The coin landed in my palm and I was already gone.

I didn't count it. Counting meant standing still, and standing still in the Crossing after dark was how people stopped being alive. The werewolf contact was still sorting silvers behind me, muttering about short weight. I didn't look back. The map I sold him was worth three times what he paid and he knew it.

I moved north along the tree break, low and quiet, stepping in soft ground where footsteps didn't carry. The Crossing smelled like old rain and something underneath it, something the ground had soaked up over three hundred years of people dying on it and never quite let go.

I was close to the ridge when the air changed.

Not a sound. A pressure.
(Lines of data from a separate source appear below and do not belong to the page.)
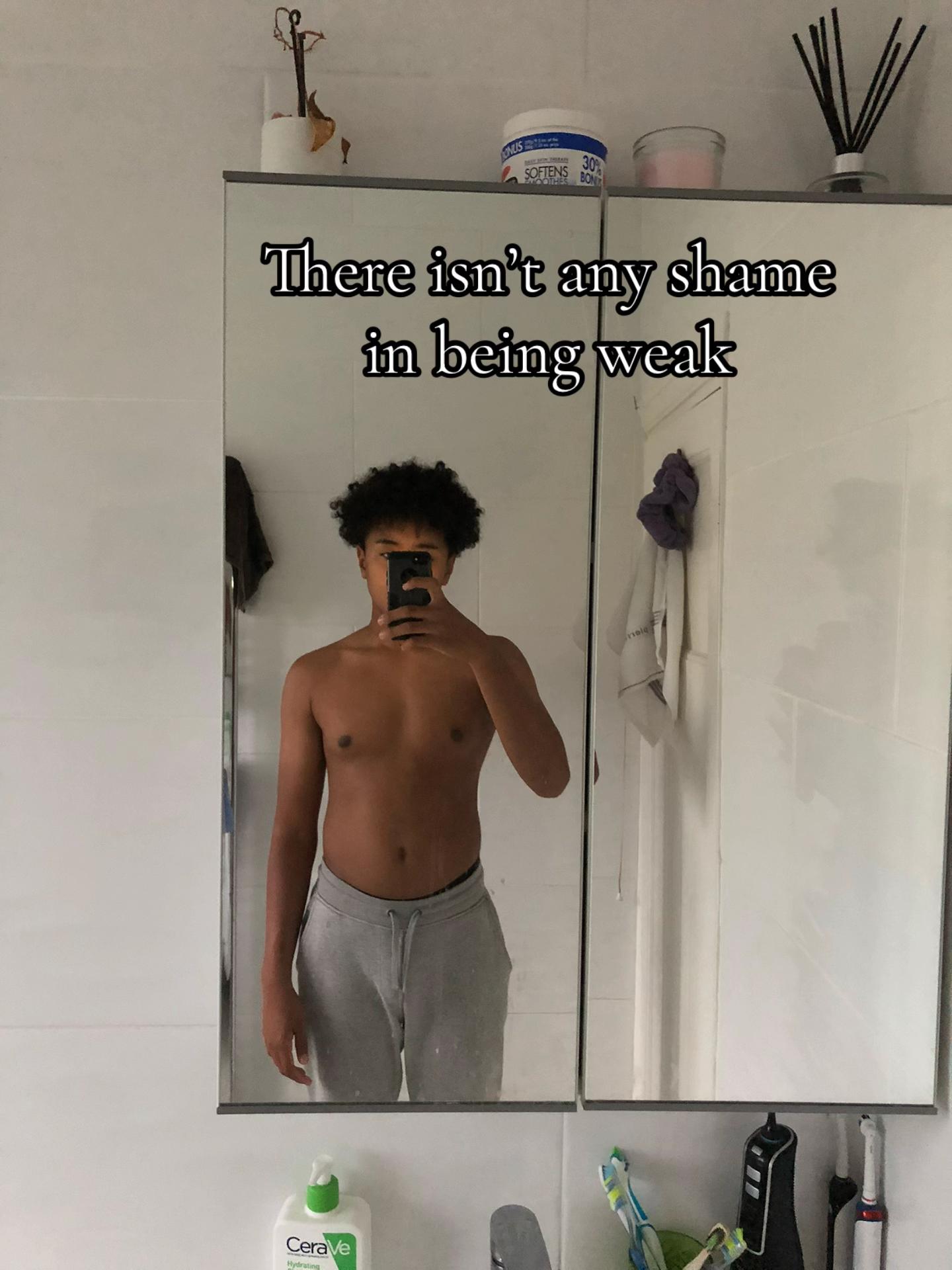 @the0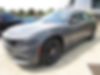 2C3CDXJGXJH291453-2018-dodge-charger-1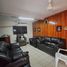 Maison 3 chambre à vendre à Veracruz, Veracruz, Veracruz, Veracruz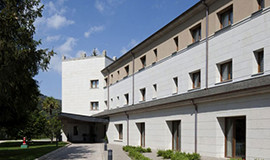 Villafranca del Bierzo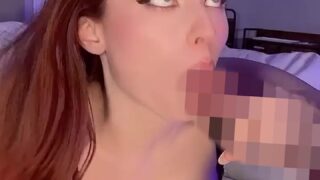 Amoranth Nurse Costume Porn Leaks Exposed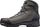 Trovat Advanced High Gtx® Men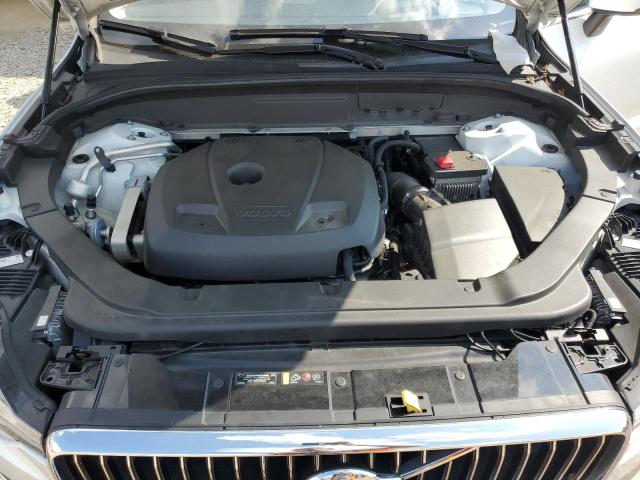 2019 VOLVO XC60 T5 IN LYV102DL7KB264178
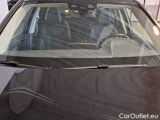  Bmw  X3 BMW  / 2017 / 5P / SUV XDRIVE 30E LUXURY #25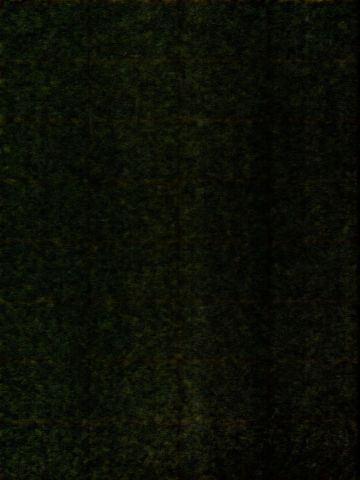 各大氪度下的礼包推荐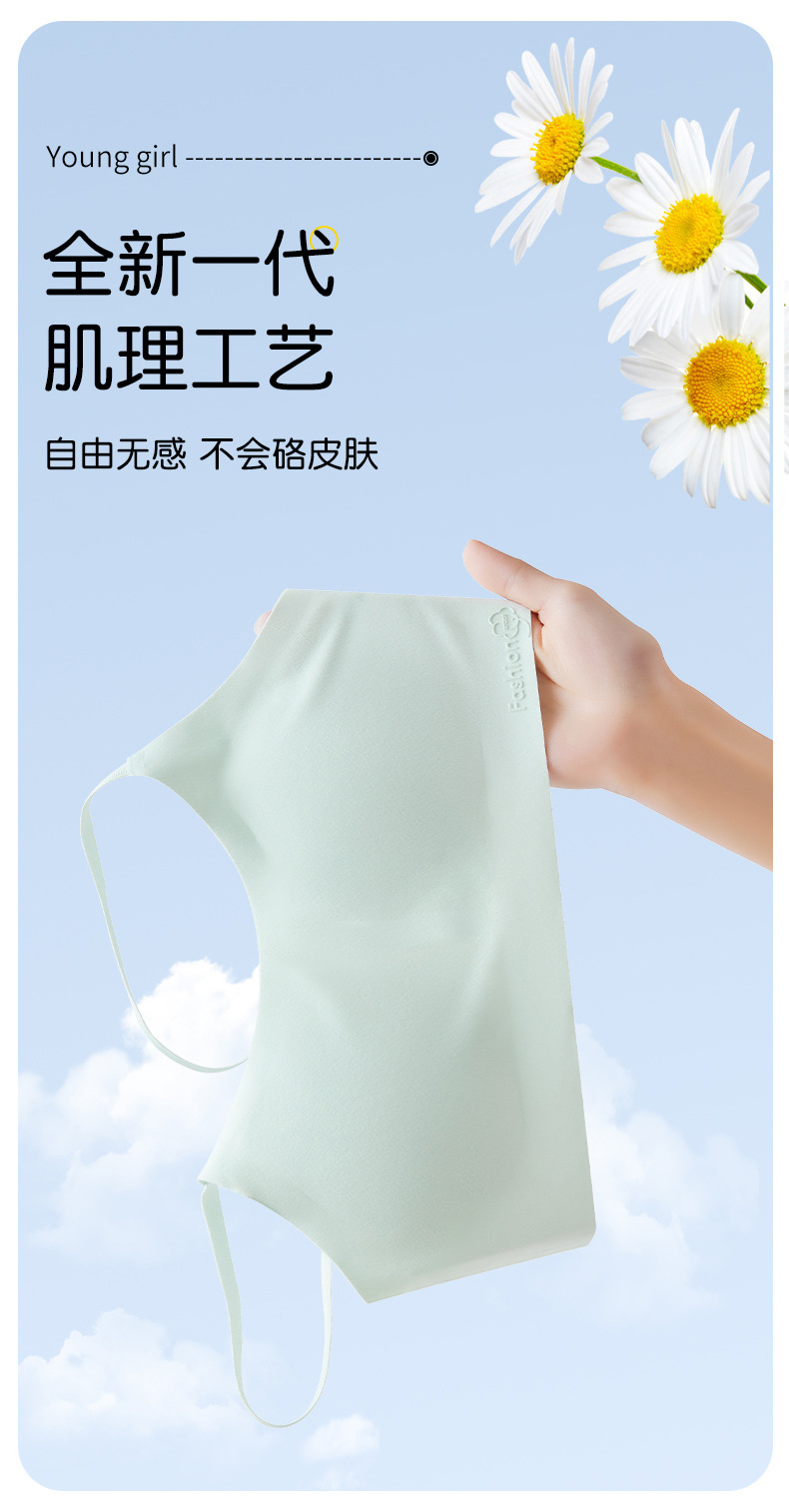 40c169de37101fd5a2b98c8980253877.jpg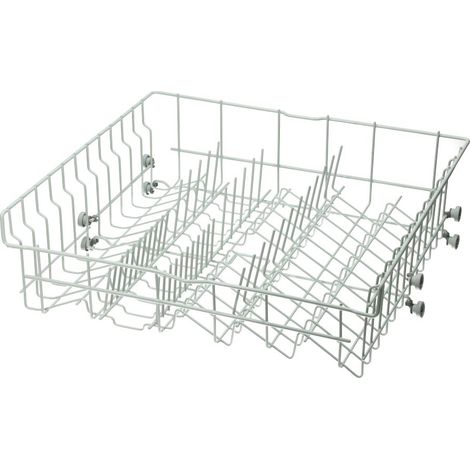 Cestello superiore originale - Lavastoviglie - BOSCH - 3037543662734304273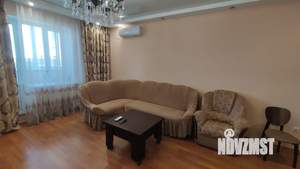 2-к квартира, вторичка, 68м2, 5/5 этаж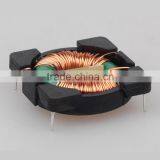 Power Liquid Filter, Transformer,power Filter Transfomrer thumbnail-1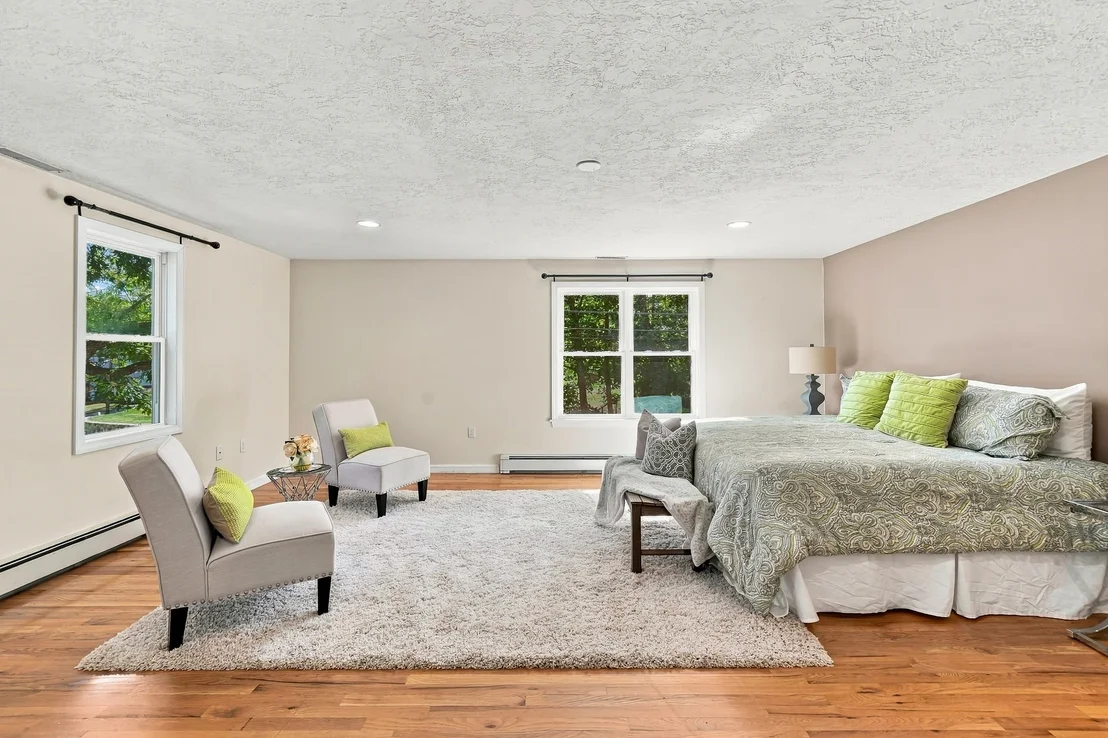 Photo of 8 Rangeway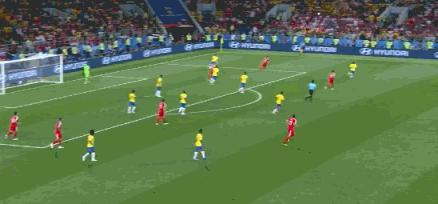 世界足坛未来十大边锋,足坛历史十大边锋的排名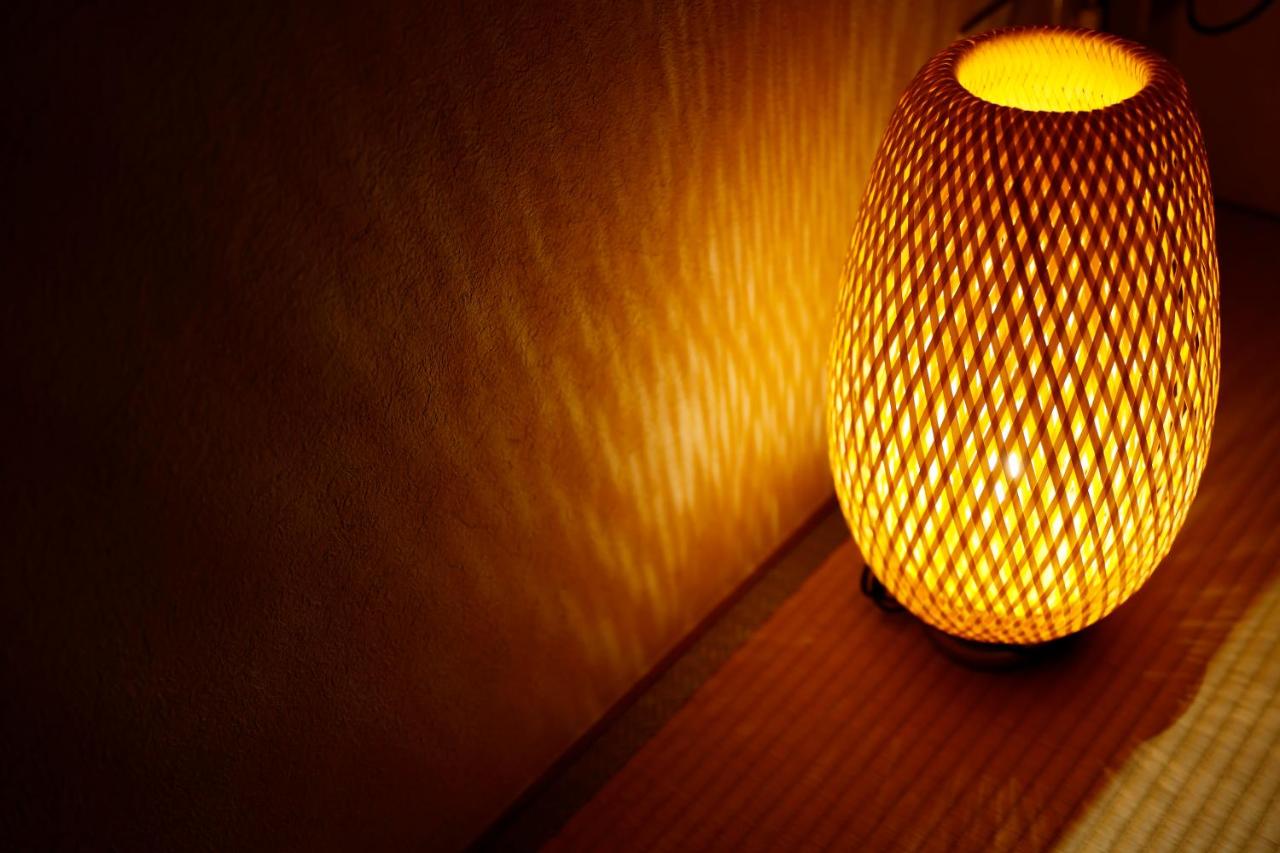 Kleines Zweibettzimmer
The specific wrongness that meant something nearby hadn't figured out yet that it was dead.

I turned.

A young soldier stood thirty feet into the dark field, stumbling in circles, losing his shape at the edges. Beast markings still bright on his neck. Mouth open. The sound coming out of him wasn't sound, it was feeling, the raw panic of someone whose body quit before their mind caught up.

I kept my voice low, "Hey. Look at me."

He didn't. New spirits never did, not at first. They were too caught in the last seconds of dying. I waited, watching him circle, and on the third try his eyes found my face.

"What did you see?" I asked. "Right before. Tell me what you saw."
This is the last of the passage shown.